Third State: Special Companionship

It is good companionship with someone (aside from the generality of Islām) who relates to you especially.

Friends

True friendship is rooted in faith in Allah and the Last Day, with love for the sake of Allah. This love has two levels:

  • The first level is loving someone for the benefit they bring in the afterlife.
  • The second, higher level, is loving someone purely because they are beloved to Allah and love Him without worldly or afterlife-related interest. Such love also includes disliking those who disobey Allah and oppose His commands.

Complete friend's duties:

  • Duty 1: Fulfill the needs of your friend.
  • Duty 2: Support them verbally.
  • Duty 3: Refrain from mentioning things they may dislike unless it's necessary to promote good or prevent harm.
  • Duty 4: Speak up when it is beneficial for them.
  • Duty 5: Supplicate for them in life and after death, praying for them as you would for yourself.
  • Duty 6: Be loyal and sincere.
  • Duty 7: Avoid burdening your friend unnecessarily; do not exploit their resources or status.

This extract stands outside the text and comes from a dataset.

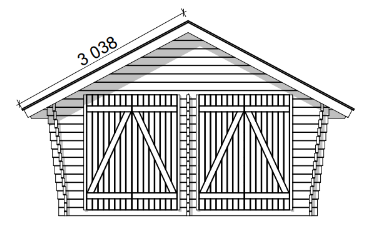 LP GARDEN U-L (16 M²) VINOUMPISEINÄINEN PIHAVARASTO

Remember the mirror analogy: "A Muslim to a Muslim is like a mirror":

  • A mirror reflects honestly without distortion.
  • It reveals flaws gently, allowing one to improve without causing harm.
  • It is objective and shows both good and bad, so a friend should compliment the good and kindly point out the bad.
  • A mirror keeps what it sees private; similarly, a friend should protect their friend's faults from others.
  • The closer you get to a mirror, the more details are visible. Likewise, a closer friendship allows for deeper honesty and understanding.

Neighbor

The Rights of the Neighbor (haquq al-jar): A neighbor is entitled to greater rights than those typically due to a fellow Muslim. This elevated right emphasizes the importance of neighborly kindness and consideration. The right of neighborliness extends beyond simply avoiding harm. It includes:

  • Enduring any harm from them with patience and responding with kindness.
  • Showing gentleness and initiating acts of goodwill.
  • Greeting them first, avoiding lengthy conversations that may burden them, visiting them when ill, consoling them during hardship, and congratulating them during times of happiness.
  • Overlooking their faults, avoiding peering into their home, refraining from causing disturbances (such as hammering nails into a shared wall), and respecting shared spaces by not directing water or dust into their property.
  • Avoiding curiosity about what they bring home, concealing their shortcomings, refraining from eavesdropping, lowering one's gaze when near their household, and providing for their family's needs in their absence.